27 de novembro de 2006

Depois



Depois da morte do artista, ficam por cá os textos, as pinturas, a argamassa moldada que um dia imaginou, sentiu e permitiu que conhecêssemos. Depois da morte do artista, as frases ganham novo sentido, os borrões de tinta são claras declarações de pensamento e o ferro retorcido uma dança harmoniosa suspensa no ar.

Pois, depois da morte do artista, quando não mais poderá seduzir ou espantar com os seus arrogantes, incómodos, tristes e por vezes banais, sonhos transpostos para a realidade.

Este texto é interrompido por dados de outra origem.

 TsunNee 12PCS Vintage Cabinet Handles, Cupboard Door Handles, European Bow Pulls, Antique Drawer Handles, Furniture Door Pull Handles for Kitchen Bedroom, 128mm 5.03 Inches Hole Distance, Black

E, às vezes, imagino como seria se alguém lesse no futuro [porque de borrões nada percebo (presente triste, este) e de trolha pouco ou nada tenho (agora)] o que escrevi num qualquer dia então longínquo e totalmente desconhecido para a singular personagem que tivesse tal ousadia. Como deveria ecoar ruidosamente na sua cabeça! Como deveria soar-lhe estranho toda a palavra e texto em que deixasse os olhos pousar. Certamente faria caretas hilariantes [não nego que gostaria de as apreciar, lá onde quer que estivesse]. E, certamente também, veria de outro modo o que eu agora vejo [acontecimento recorrente mesmo agora, já que falo nisso] e pensaria para consigo onde nasceria tamanha turbulência e peso [mental]. Afinal, como poderia não haver relatos de passarinhos chilreando, arco-íris numa manhã de piquenique, fins de tarde quentes à beira mar? Meu caro, só me ocorre dizer se poderei dar uma resposta satisfatória enquanto ainda estou no presente que duvido vir a ser futuro lido? … Bem, por que não? Sim, é verdade, por que não deixar os pontos nos is desde já e poupar trabalho a quem um dia, ocasional e tristemente, perdesse tempo com estas palavras?

Simples: Quem rabisca folhas, pintalga a bata de todas as cores ou fere as mãos no metal, não quer justificar o que faz ou escrever prefácios às suas divagações instantâneas. Quer apenas qualquer coisa sem querer ser diferente ou especial ou notável ou importante ou recordado. Quer somente um momento seu.

2 comentários:

jumpman disse...

"Quer somente um momento seu."

Tão simples quanto isso. Sem prestar atenção ao que futuras leituras, noutro tempo distante, poderão pensar sobre tais palavras. Simplesmente algo que sabe ser dele e de mais ninguém.


E como é curioso que depois de mortos, maior parte dos artistas ganham ainda mais notoriedade, passando em algumas ocasiões, de bestas a bestiais..

***

Anónimo disse...

mais que um momento seu... um sonho, uma utopia, um gesto que tornará esse momento eterno.